Components of various structures are manufactured using metal injection molding (MIM) techniques. MIM processes employ granular feedstock that includes powdered metal. Such feedstock is injected into a mold to form a green part, which is substantially geometrically similar to the final component, although the green part may be oversized relative to the final component to account for shrinkage during the subsequent sintering step. Next, the green part is subjected to de-binding, for example in a thermal or solvent-based process, to remove the binder and form a brown part. The brown part is then sintered at high temperatures to form the final, substantially metallic component.

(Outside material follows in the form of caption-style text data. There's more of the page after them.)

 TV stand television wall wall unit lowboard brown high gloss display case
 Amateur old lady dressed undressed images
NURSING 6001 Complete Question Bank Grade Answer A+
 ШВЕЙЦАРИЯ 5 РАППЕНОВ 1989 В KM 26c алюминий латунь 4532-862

It is often necessary and/or desirable to quantify certain material properties of MIM-manufactured components by testing coupons, formed in the same way and from the same materials as the components of interest. Such test coupons typically have a reduced central cross-sectional area and are sometimes referred to as “dog bone” coupons. When injecting feedstock through the mold during the MIM process to produce a test coupon, the reduced central cross-sectional area acts as a restriction that inhibits proper flow of the feedstock through the reduced-area section of the coupon. If feedstock injection pressure is increased to overcome the restriction, in some cases feedstock material is pushed through the restriction too quickly, shearing the binder away from the feedstock. If the binder is not uniformly distributed throughout the green test coupon after the injection-molding process is completed, the coupon may become warped during sintering. On the other hand, if the feedstock is pushed through the restriction too slowly, the binder cross-links before injection is completed, and the feedstock material tends to solidify, preventing further injection.

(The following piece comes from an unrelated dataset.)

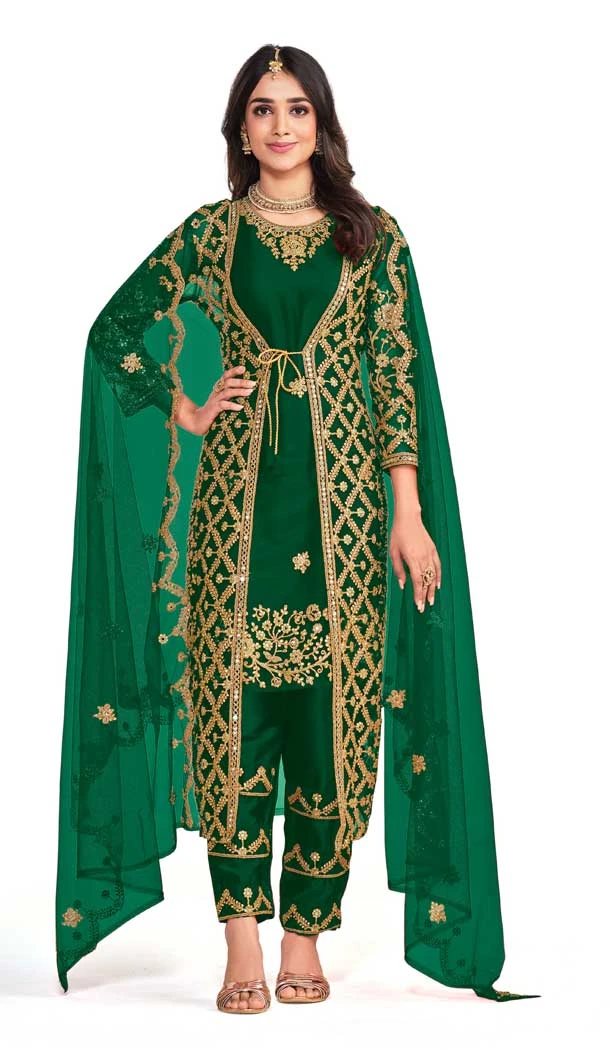 Green Color Butterfly Net Embroidery And Diamond Work Party Wear Salwar Suit -5822164858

Due to the fact that green parts are relatively brittle, a long, narrow green part having a reduced-area central section may not survive typical mold-ejection techniques without damage. Mold-release agents are typically not used in MIM processes because of potential feedstock contamination problems. Accordingly, an increased number of ejector pins may be incorporated into the mold to provide better distribution of the ejection force, experienced by the green test coupon during the mold-release step, in an attempt to reduce the possibility of damaging the coupon as it is released from the mold. However, since the long, narrow shape and the reduced central cross-sectional area of the coupon require elevated injection pressures during the MIM processes, binder may flow into spaces between the ejector pins and the mold, causing the ejector pins to stick to the mold and become incapable of ejecting the coupon from the mold. Moreover, a long, narrow green part having a reduced-area central section, such as a green test coupon formed by an MIM process, as described above, may warp at the elevated temperatures, associated with sintering.
A green test coupon formed in an MIM process may also have undesirable “flash,” i.e., ridges of excess material, formed by feedstock, seeping into the mold parting lines during the MIM process. Removal of flash from a long, narrow green part using conventional manual techniques introduces the risk of damaging the coupon.